Search before asking
- [x] I searched in the issues and found nothing similar.
Description
Currently, when configured output_schema, the react agent directly prompt the model to use a specific format, and use an output parser to extract the structured response from the raw model output. This is the only way for models which don't support tool calling or json mode.
For models support tool calling or json mode, we can makes use of these capabilities to generate structured output.
See https://python.langchain.com/docs/how_to/structured_output/ for details.
Are you willing to submit a PR?
- [ ] I'm willing to submit a PR!
@wenjin272 Hello, I have some questions about this requirement. Question: How to handle the capability differences between different models?
Model Tool Calling JSON Mode Structured Output API
| 模型 | Tool Calling | JSON Mode | Structured Output API |
|---|---|---|---|
| OpenAI GPT-4 | ✅ | ✅ | ✅ (response_format) |
| Anthropic Claude | ✅ | ⚠️ (beta) | ❌ |
| Ollama (Qwen/Llama) | ✅ | ❓ | ❓ |
| Tongyi Qwen | ✅ | ❓ | ❓ |
Question:
Is it necessary to implement a separate adaptation for each ChatModel?

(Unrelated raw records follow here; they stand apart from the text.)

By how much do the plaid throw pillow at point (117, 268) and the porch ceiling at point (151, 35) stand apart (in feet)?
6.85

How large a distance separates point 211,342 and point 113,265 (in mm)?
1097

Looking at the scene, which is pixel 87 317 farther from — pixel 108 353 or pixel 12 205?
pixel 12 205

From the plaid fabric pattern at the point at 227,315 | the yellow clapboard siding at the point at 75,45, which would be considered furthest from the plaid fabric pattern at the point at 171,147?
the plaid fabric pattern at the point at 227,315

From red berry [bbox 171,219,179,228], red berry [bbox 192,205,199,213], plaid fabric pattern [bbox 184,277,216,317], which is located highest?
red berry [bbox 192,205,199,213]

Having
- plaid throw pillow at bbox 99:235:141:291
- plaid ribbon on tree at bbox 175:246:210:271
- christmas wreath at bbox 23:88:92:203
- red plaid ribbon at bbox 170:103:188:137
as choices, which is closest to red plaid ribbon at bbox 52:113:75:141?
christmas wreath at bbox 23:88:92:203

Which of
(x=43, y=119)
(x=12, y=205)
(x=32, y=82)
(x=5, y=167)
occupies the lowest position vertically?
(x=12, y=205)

Capability detection mechanism (runtime vs. configuration time)?
Degradation strategy (JSON mode failure → tool calling → prompt)?

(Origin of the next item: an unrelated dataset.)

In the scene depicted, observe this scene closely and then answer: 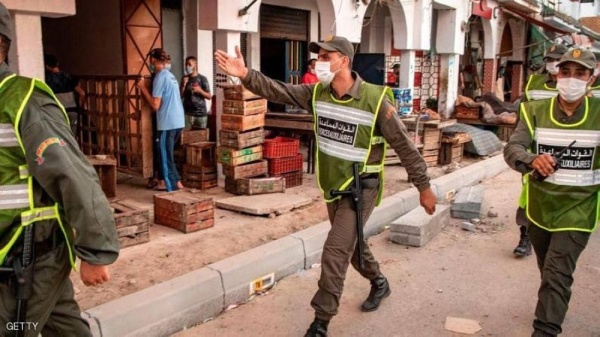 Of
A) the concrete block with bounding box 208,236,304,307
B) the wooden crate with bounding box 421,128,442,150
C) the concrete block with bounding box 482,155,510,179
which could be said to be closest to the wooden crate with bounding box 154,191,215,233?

Besides that, there's another problem. Semantic issues of using Tool Calling for structured output
Question: Is it reasonable to use Tool Calling to implement structured output? Technically feasible: Define a virtual tool named "formatoutput"
{
"name": "format_output",
"description": "Format the final response",
"parameters": OutputData.model_json_schema()
}
However, there are problems:
-
Semantic ambiguity: The tool should "perform an action," not "format output"
-
User experience: This "virtual tool" will appear in the tools list
-
Conflict with real tools: React Agent already has tool invocation capabilities
You can refer to the structured output doc of langChain:https://docs.langchain.com/oss/python/langchain/structured-output.
Roughly speaking, the performance of structured output can be ranked as follows:
- Use the native structured output capabilities provided by the model provider, currently only OpenAI and Grok.

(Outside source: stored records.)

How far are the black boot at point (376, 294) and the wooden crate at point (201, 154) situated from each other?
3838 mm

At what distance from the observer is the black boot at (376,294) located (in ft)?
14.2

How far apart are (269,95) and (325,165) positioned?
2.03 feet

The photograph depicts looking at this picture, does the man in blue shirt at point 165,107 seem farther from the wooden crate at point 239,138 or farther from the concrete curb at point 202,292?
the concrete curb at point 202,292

- Use the tool calling to achieve the same result.
- Use prompt and examples to instruct llm.
Flink-Agents should provide all the strategy.
In addition, these questions seem to be rhetorical ones posed by an AI programming assistant. I hold a positive attitude towards using AI for programming assistance, but developers should to ensure their own understanding of the problems and the quality of the generated code.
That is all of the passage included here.